In particular, some battles have a great “push your luck” aspect where, after defeating the first array of enemies, you have the option of fighting additional waves of reinforcements. You can also tag out weakened units for fresh soldiers from your bench. It’s pretty suspenseful when you’re facing down the third wave with a patchwork lineup of exhausted A-team members and oddball C-team hopefuls, and I was pushed to sort of invent and adapt to new tactical situations on the fly. If you fight through each wave, you typically get a nice piece of loot in addition to extra Renown. It’s an idea that I wish could be retrofitted to every earlier game, and that honestly doesn’t get used enough even in Banner Saga 3.

But considering my complaints and reservations about The Banner Saga 3, I think a lot them come down to wanting a little more time and a few more chances to get things right. Which is fitting, because that’s the central motivation of almost every character you meet, villain or hero.

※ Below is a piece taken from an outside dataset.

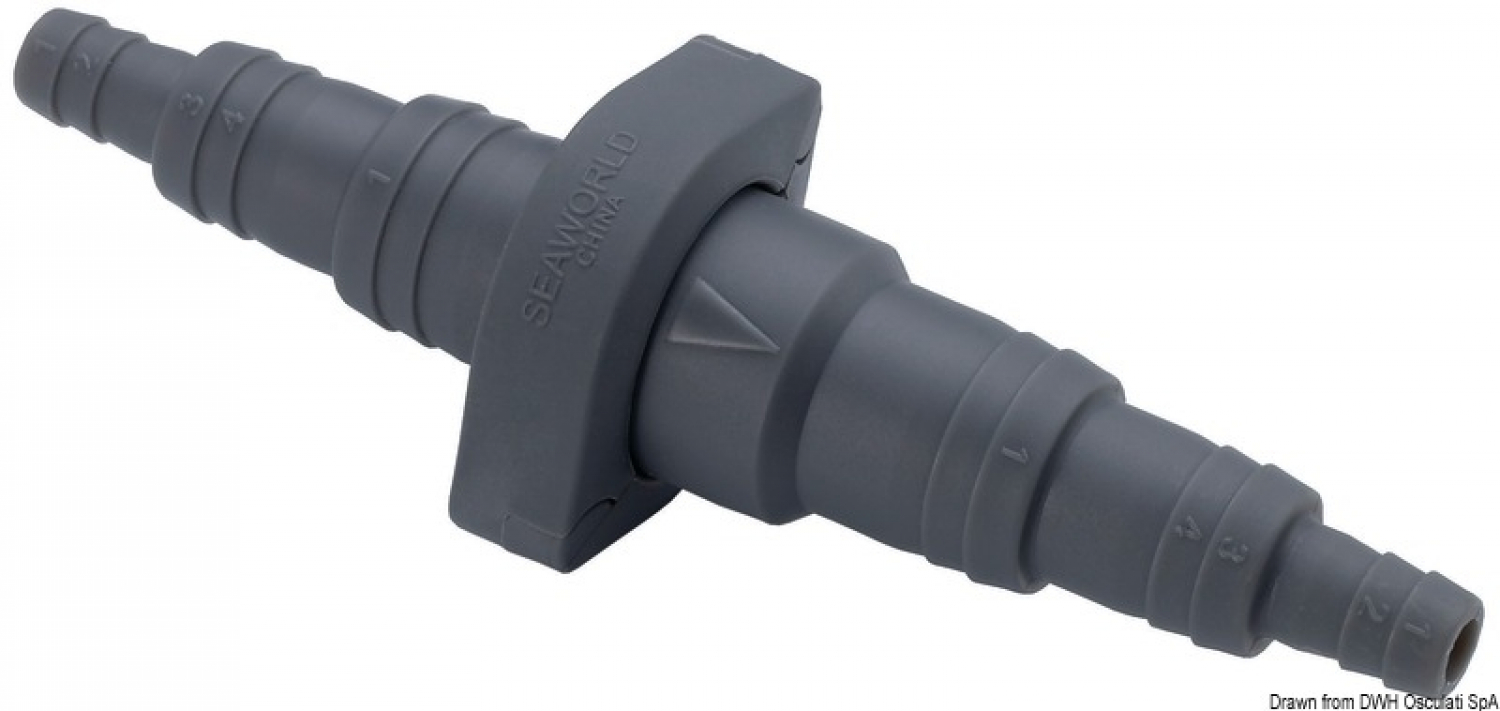 Check valve d.13-20-26mm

While there are a couple of places where it feels like the difficulty ramps up too quickly, or where major plots twists unfold with barely a moment to react or comment, my fundamental reaction to The Banner Saga 3 is one of vindication. It turns out this was a journey worth taking, and a world worth keeping in my heart for the last few years. In the end it has justified its stylistic and narrative choices, and surpassed the hopes I had for it back when I played the first part of the trilogy. This final act may not offer a comfortable or easy resolution but then again, that was never really in the cards. Like I said before, it’s not that kind of story. And wishing it were otherwise only makes things worse.